De "huach@s" e hijos ilegítim@s a las "bendiciones"

Hasta los años '90, aún en el país se hablaba de hijos e hijas legítimos, ilegítimos y naturales. Se consideraba hijo/a ilegítimo/a aquel que nacía fuera del matrimonio y se denominaba natural cuando obtenía el reconocimiento de su madre o padre, pues solo era un descendiente legitimo aquel que nacía dentro del matrimonio. Esta odiosa categorización generaba sin duda discriminación y dolor, se sabía quién era fruto de relaciones fuera del matrimonio, jerarquizando a descendientes de un mismo progenitor. Solo en 1998 se reconoció que no había distinción, la ley de filiación brindaba un trato igualitario a la totalidad de hijas e hijos nacidos/as en Chile, sin importar si habían nacido dentro o fuera de un matrimonio.

Se eliminaba así la normativa que daba lugar al trato discriminador de "huachos o huachas". Concepto que nos acompaña desde el nacimiento de la república hasta la actualidad, dando cuenta de una larga historia de abandono e ilegitimidad de las niñeces chilenas. Es múltiple la literatura que da cuenta de las repercusiones sociales de esta problemática, no solo por el estigma e injusticia que involucraba, sino también por la desigualdad de género que conlleva hasta hoy. Desde la Colonia tenemos a hombres progenitores sin compromiso de su descendencia y un Estado que solo recientemente se transforma en garante de deudas en pensiones de alimentos, en donde un poca más del 90% de personas deudoras, son hombres.
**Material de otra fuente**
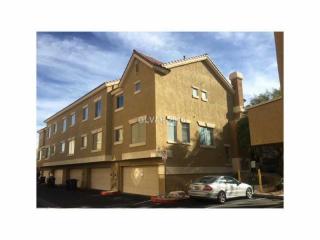 2757 Fountain Ridge Ln, Henderson NV  89074-1285 exterior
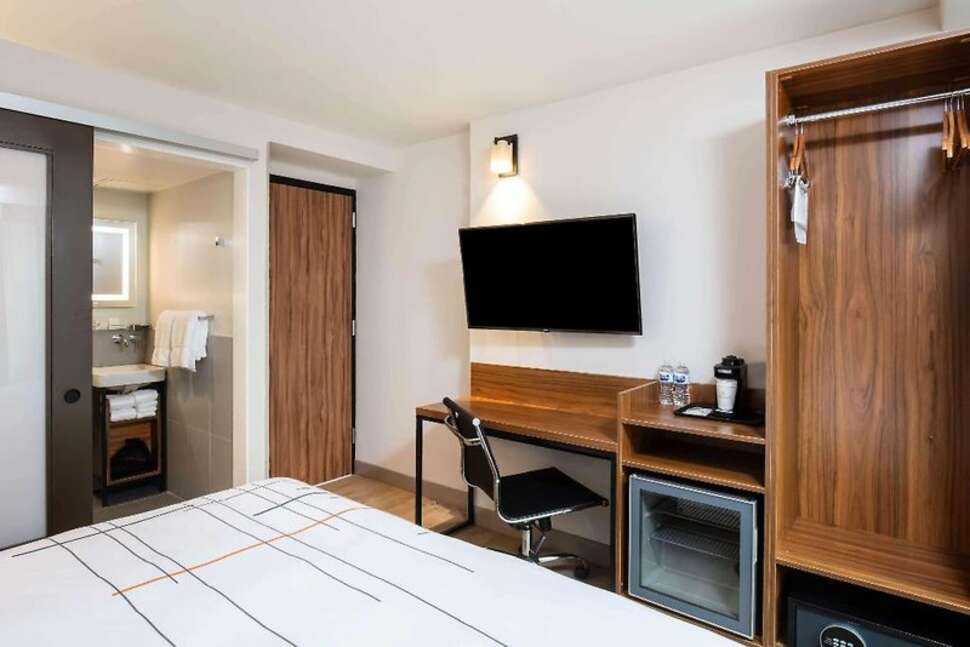 Een foto van La Quinta Inn & Suites by Wyndham Times Square South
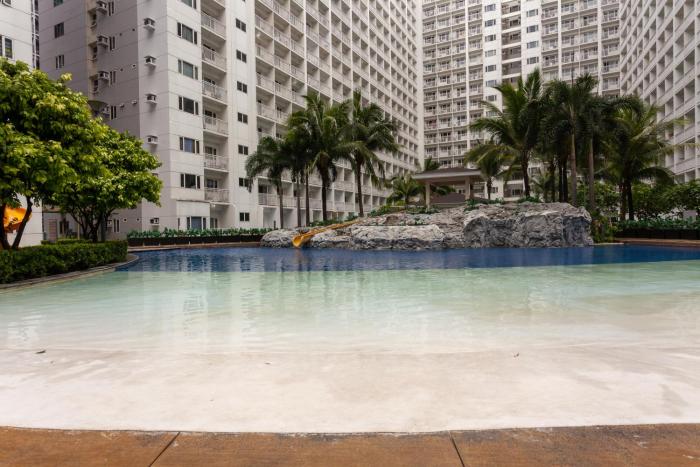 Near MOA and NAIA airport at Shore 1 Residences with balcony -unlimited WIFI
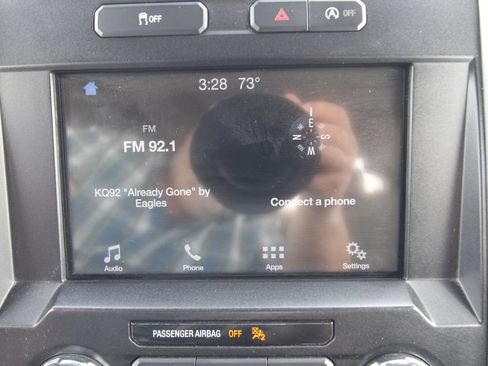 Used 2018 Ford F150 XLT w/ Equipment Group 302A Luxury AWD/4WD image 38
En un país como el nuestro en donde cada vez hay menos nacimientos, donde la tasa de fertilidad ha disminuido drásticamente, donde del total de hogares monoparentales la mayoría son mujeres con sus hijos o hijas, urgen normativas que favorezcan ambientes laborales que faciliten ser madre y también padre, que velen realmente por la vida de niñas, niños y adolescentes, que protejan embarazos deseados y no deseados, que consideren nacimientos en condiciones dignas, que resguarden el crecimiento y el desarrollo en ambientes protegidos, con atención en salud y educación de calidad garantizados, además de proveer recreación y ambientes seguros.

Sin embargo, no basta con declaraciones grandilocuentes en relación con las niñeces y lo bien que lo hemos hecho en cuanto a alguna legislación. Somos uno de los países con menos nacimientos en el mundo, con una gran cantidad de madres solas con sus "bendiciones", con abuelas cuidando y criando. Por otro lado, paternidades con patrones de abandono manifiesto en diversos ámbitos. Esto es transversal, por ende, algo en la estructura social cojea, falla e irrumpe con fuerza perpetuando desigualdades en el cuidado, en la crianza, en la creación de modelos igualitarios. Si bien hay un aumento de la participación de hombres en labores de crianza y cuidados, estamos aún lejos de la corresponsabilidad entre progenitores.

En este mes que el marketing nos inunda de regalos para "padres", duele recordar que muchos niños, niñas y adolescente saludan a sus "madre-padre". Duele saber por las noticias de pequeñas que mueren porque, estando "al cuidado" de su padre, despiertan de la siesta antes que su "cuidador" y duele que la discusión se centre en si había o no malla de seguridad, sin ahondar más allá.

Debemos reiterar hasta el cansancio el cuestionamiento de la jerarquía de género en donde el cuidado recae mayoritariamente en la mujer. Insistir en incluir en los planes curriculares el cómo avanzar en la igualdad sustantiva y la corresponsabilidad en la crianza. El cuidado es un acto humano, de la sociedad en su conjunto y no solo de un género en particular, hoy es el debate que hay que dar, para que ese concepto de bienestar y protección que involucra la palabra bendición, se haga realidad en "nuestras bendiciones".